The outcome of a highly publicized court case currently being heard by Judge Laura Taylor Swain in U.S. Municipal Bankruptcy Court under Title III of PROMESA (No. 17-00257-LTS), COMMONWEALTH of PUERTO RICO vs. COFINA, is likely to set the course for where the municipal market goes from here.
COFINA bondholders are renouncing actions taken by the Commonwealth to impair or eliminate its debt. Clearly, this would be devastating for investors, including the Puerto Rican citizens who own approximately $2.8 billion of the bonds. Impairing this debt may also impede, if not eliminate, access to funding via securitized loans.
The background: The Puerto Rico Sales Tax Financing Corporation -- in Spanish, Coporacion del Fondo de Interes Apremiante or COFINA -- was created by PR Law No. 91, as amended, to establish an entity that was independent and separate from the Commonwealth in order to address one of the worst fiscal crises in Puerto Rico’s history. In consideration for COFINA’s help in this crisis, the legislature established and assigned to COFINA a priority lien on a newly imposed, island-wide sales and use tax (SUT). A summary of Puerto Rico Act No. 56., describes the bargain:
“A special fund is hereby created to be known as the Dedicated Sales Tax Fund. The Dedicated Sales Tax Fund and all of the funds deposited therein and all the future funds that must be deposited in the Dedicated Fund pursuant to this law are hereby transferred to, and shall be the property of COFINA. This transfer is made in exchange for COFINA’s commitment to pay, all or part of the extraconstitutional debt outstanding as of June 30, 2006. The Dedicated Sales Tax Fund shall be funded each fiscal year from the first revenues of the SUT, deposited at the time of receipt and shall not be deposited in the Treasury of Puerto Rico, nor shall it constitute resources available to the Commonwealth of Puerto Rico, nor shall be available for use by the Secretary of the Treasury.”
COFINA – revenue analysis: The Sales and Use Tax (SUT) pledged to COFINA is very strong, as reflected in all but one of the elements credit analysts consider when evaluating a bond.
- Demographics and Economic Base – Poor.

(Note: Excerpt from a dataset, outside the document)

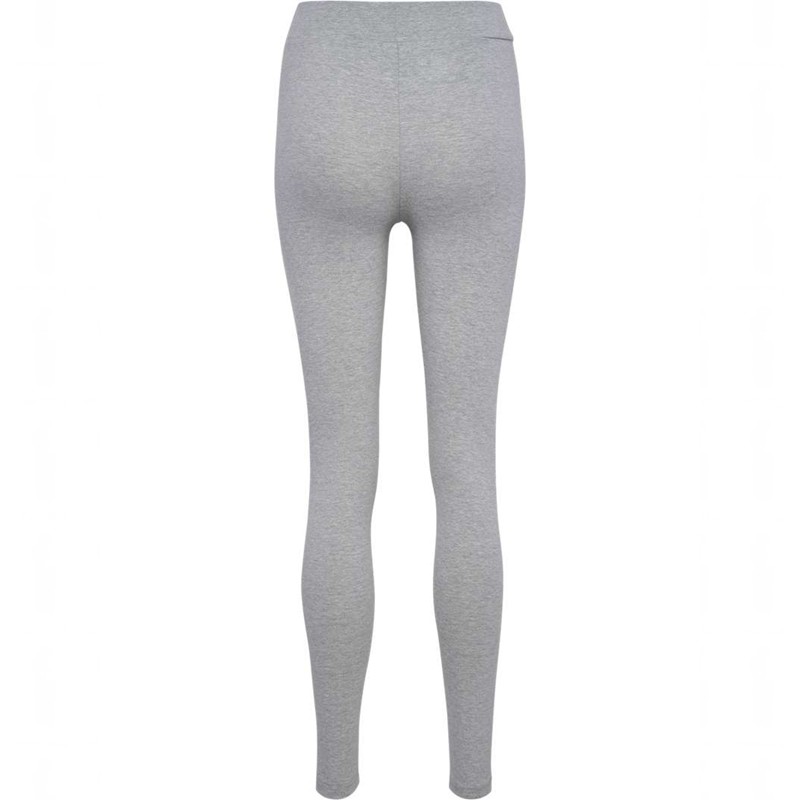 Hummel Elemental Cotton Hw Strumpfhose Damen Grau | 143459-512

The island has a declining population, low income levels, and high unemployment relative to the U.S. mainland.
- Nature of the Dedicated Revenue – Superior. The SUT applies to a very broad list of services and essential consumer goods, is very stable, and is enforced throughout the entire island.
- Revenue Analysis and Fund Flows – Superior. Fiscal year 2017 collections were a record high and double 2013 levels. A priority lien exists on collected taxes, going first to bondholders.
- Debt Service Coverage – Superior. The ratio of pledged revenue to annual debt service on the senior lien bonds was 11x in fiscal year 2017.
The problem: After following the law and the set-forth payment mechanism for many years, as well as countless legal opinions attesting to COFINA’s property rights, multiple opinions rendered by the Commonwealth’s own Department of Justice, year upon year of statements by Governors, Legislators, and Development Bank officials attesting to COFINA’s rights the Commonwealth provided the following statement as part of its complaint filed with the bankruptcy court (Under Title III of PROMESA) on Sept. 8:
“This adversary proceeding is being commenced to resolve the Commonwealth-COFINA Dispute. As set forth, in this complaint, the SUT revenues, wherever located and whenever arising, are the exclusive property of the Commonwealth.”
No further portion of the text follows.